The hon. Member for Birkenhead referred to subsidiary companies. For the sake of brevity, I shall, with the hon. Gentleman's permission, skip the passage that I was going to offer the House about subsidiary companies, because he has received a rather more definitive answer in a letter than I can offer in a short paragraph this afternoon. He is at liberty to pursue the matter further if he wishes.
The hon. Gentleman was quite emphatic about the Ashford great park project. There is no evidence to suggest that we need a new, full-blown and inevitably expensive inquiry into the project along the lines that the Select Committee report recommends. However, we are anxious to be responsive and helpful to the Committee in that respect. Therefore, the Archbishop of Canterbury has agreed that the new Audit Committee, with additional independent and external expert assistance, is an appropriate body to carry out an independent investigation that will be set in train forthwith. The Archbishop of Canterbury will take a strong personal interest in the matter. I hope that the hon. Gentleman feels that that is a positive and constructive response to the anxieties that he and his colleagues have expressed in the report.
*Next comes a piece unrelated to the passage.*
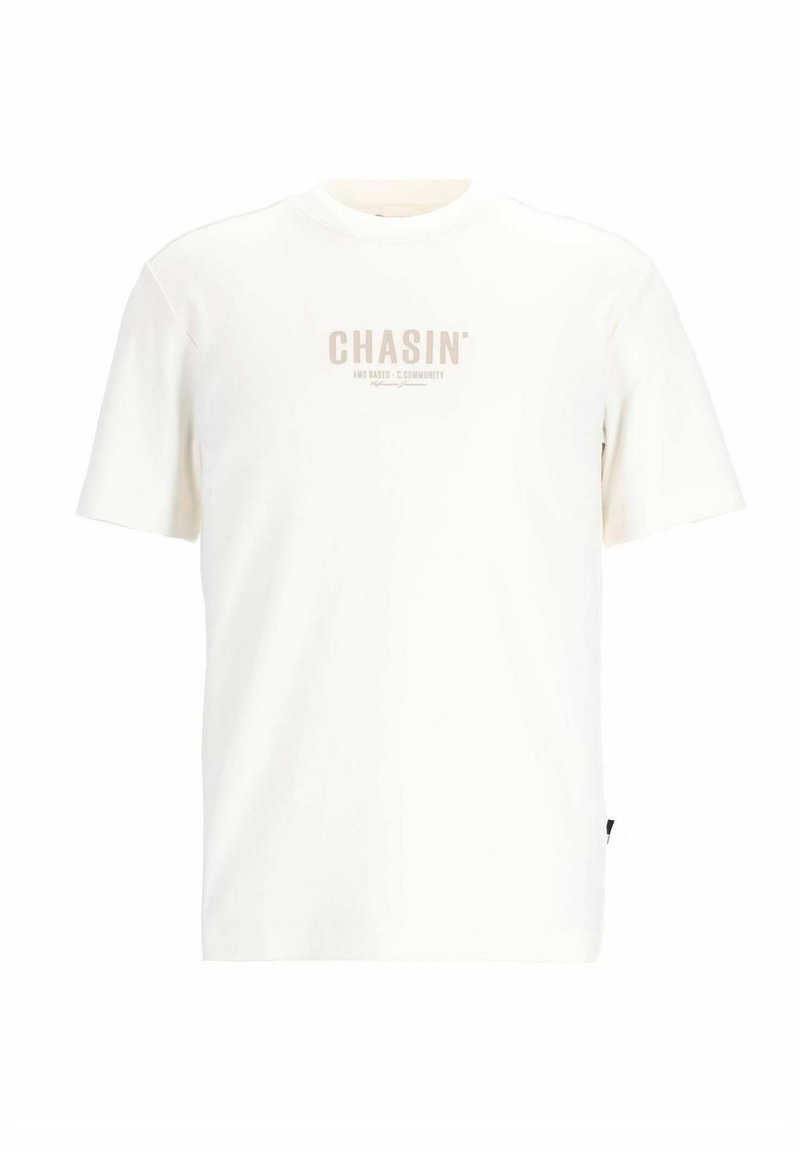 Weißes Kurzarm-T-Shirt aus Baumwolle mit einem hellbeigen Logo-Text auf der Vorderseite in der Mitte. Rippstrick-Kragen und gerader Schnitt.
Many of the issues raised by the Committee are very much at the heart of the work of the so-called Turnbull commission which is reviewing the Church's central structures under the chairmanship of Michael Turnbull, the Bishop of Durham. The Select Committee report contains a particularly felicitous and intriguing historical passage. There are some real nuggets in paragraphs 9 and 10--I suspect the direct imprimatur of the hon. Member for Birkenhead.
Thomas Arnold said that no human hand could save the Church of England, and that phrase rings out quite early in the report. Echoing Thomas Arnold's gloomy prophecy, the hon. Gentleman may also have been tempted to think that no human hand, not even the Turnbull commission, could save the Church of England. As part of its functions, the commission will consider the Select Committee's various recommendations in the next few months. If no known human hands can save the Church, I think that we may find that we are getting close to salvation in the shape of the hero of the day, the hon. Member for Birkenhead, and his team from the Social Security Select Committee. Those human hands have done a lot of valuable work in this area; the Committee has made some constructive suggestions, which the Turnbull commission is taking into account.
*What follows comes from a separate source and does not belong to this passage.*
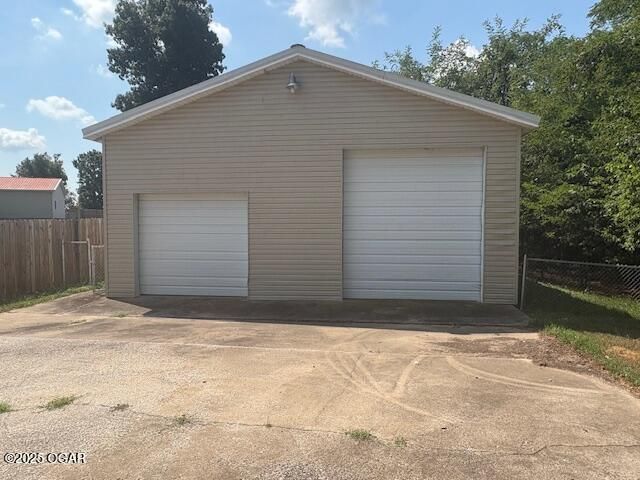 10514 Gazelle Drive Drive, Neosho, MO 64850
We hope that Thomas Arnold's gloomy prophecy will be laid to rest by the new body that will emerge in the spring. We hope that new growth and new prospects will arise from the hon. Gentleman's studies and criticisms and from the Turnbull commission--our new deployment of heroes. The prospects are very good. I reiterate the commissioners' thanks to the hon. Gentleman and his colleagues in the Select Committee for their work in producing the report.